Bacterial Strains and culture conditions
Bacteroides thetaiotaomicron was in grown Brain Heart Infusion Media (BHIM) with anaerobic conditions without shaking at 37°C. For all experiments, unless otherwise stated, cells were grown from single colonies in 10ml of BHIM in Hungate tubes. The morning of an exposure, 1.0ml of O/N culture was diluted into 9.0ml of fresh media to an OD600 of ∼0.1 in a Hungate Tube. Cells were grown for ∼5h until an OD600 of ∼0.4. All strains used are provided in Table 5.

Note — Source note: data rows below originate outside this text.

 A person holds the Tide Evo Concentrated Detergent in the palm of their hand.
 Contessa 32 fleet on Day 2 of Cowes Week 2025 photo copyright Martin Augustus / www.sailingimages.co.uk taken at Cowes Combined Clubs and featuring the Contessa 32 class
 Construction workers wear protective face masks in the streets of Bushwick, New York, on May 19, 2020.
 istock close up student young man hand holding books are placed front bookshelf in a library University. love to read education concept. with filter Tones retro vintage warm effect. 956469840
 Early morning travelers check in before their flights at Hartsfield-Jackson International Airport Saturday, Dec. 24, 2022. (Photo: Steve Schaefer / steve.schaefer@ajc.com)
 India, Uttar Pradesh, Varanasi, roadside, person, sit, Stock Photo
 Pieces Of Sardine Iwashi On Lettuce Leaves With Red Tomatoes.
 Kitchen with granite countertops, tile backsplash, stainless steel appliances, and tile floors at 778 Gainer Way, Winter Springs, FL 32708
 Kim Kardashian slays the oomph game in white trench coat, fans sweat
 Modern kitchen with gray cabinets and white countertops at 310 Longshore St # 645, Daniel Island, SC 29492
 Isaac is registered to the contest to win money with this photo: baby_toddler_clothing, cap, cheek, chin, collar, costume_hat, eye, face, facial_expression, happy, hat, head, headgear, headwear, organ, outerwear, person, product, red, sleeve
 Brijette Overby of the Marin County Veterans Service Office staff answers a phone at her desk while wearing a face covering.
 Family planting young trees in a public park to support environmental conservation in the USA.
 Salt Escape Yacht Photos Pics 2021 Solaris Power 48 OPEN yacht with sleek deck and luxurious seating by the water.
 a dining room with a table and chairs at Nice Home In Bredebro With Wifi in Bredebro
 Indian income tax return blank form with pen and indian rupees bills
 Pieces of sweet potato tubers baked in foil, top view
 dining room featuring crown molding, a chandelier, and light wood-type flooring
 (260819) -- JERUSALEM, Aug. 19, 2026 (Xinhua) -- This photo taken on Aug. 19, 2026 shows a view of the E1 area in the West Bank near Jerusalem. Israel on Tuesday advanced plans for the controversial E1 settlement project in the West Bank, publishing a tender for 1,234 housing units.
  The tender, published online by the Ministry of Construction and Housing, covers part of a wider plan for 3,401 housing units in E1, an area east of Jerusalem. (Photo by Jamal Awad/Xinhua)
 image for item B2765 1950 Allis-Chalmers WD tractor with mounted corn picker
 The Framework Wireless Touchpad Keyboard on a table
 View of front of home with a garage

Acinetobacter baumanni was grown in LB media at 37 with shaking. For all experiments, unless otherwise stated, cells were grown from single colonies in 5ml of LB and grown on LB plates.
X-Ray Exposures
When exposing cells to IR a Faxitron 225 MuliRad X-ray irradiator was used. The machine was set to 12mA, 220kV to deliver ∼5Gy/min. A 0.5mm aluminum filter ensured that only high-energy particles were delivered. Before exposure, cells were grown to exponential phase (OD600 of 0.6). 5ml of culture was sealed in de-gassed Nasco Whirl-Pak bags, sealed in anaerobic growth bags, and laid flat on the exposure tray to ensure even dosage across the sample. Exposures were conducted at room temperature (24°C).
CFU Assays
For survival assays, three biological replicates were grown to mid-exponential phase, bagged, and exposed as described above. After exposure, cells were serially diluted and spread on BHIM or LB plates using beads. Three technical replicates were conducted per biological replicate. CFU were counted and the mean Sham plate count of the three technical replicates was used as the baseline against which the technical replicates of the doses of that biological replicate were compared to determine the surviving fraction. The significance of differences was determined using a t-test between the six survival fractions per dose against the sham, and the six survival fractions of the sham control.
Acknowledgments
We would like to thank Daryl Barth (University of Texas at Austin) for assistance in running the EggNog-Mapper annotations.
This research was funded by a grant (FA9550-20-1-0131) from the Air Force Office of Scientific Research as well as a grant (HDTRA1-17-1-0025) from the Defense Threat Reduction Agency.
This work was also supported by a grant (W911NF22S0002) from the Intelligence Advanced Research Projects Activity.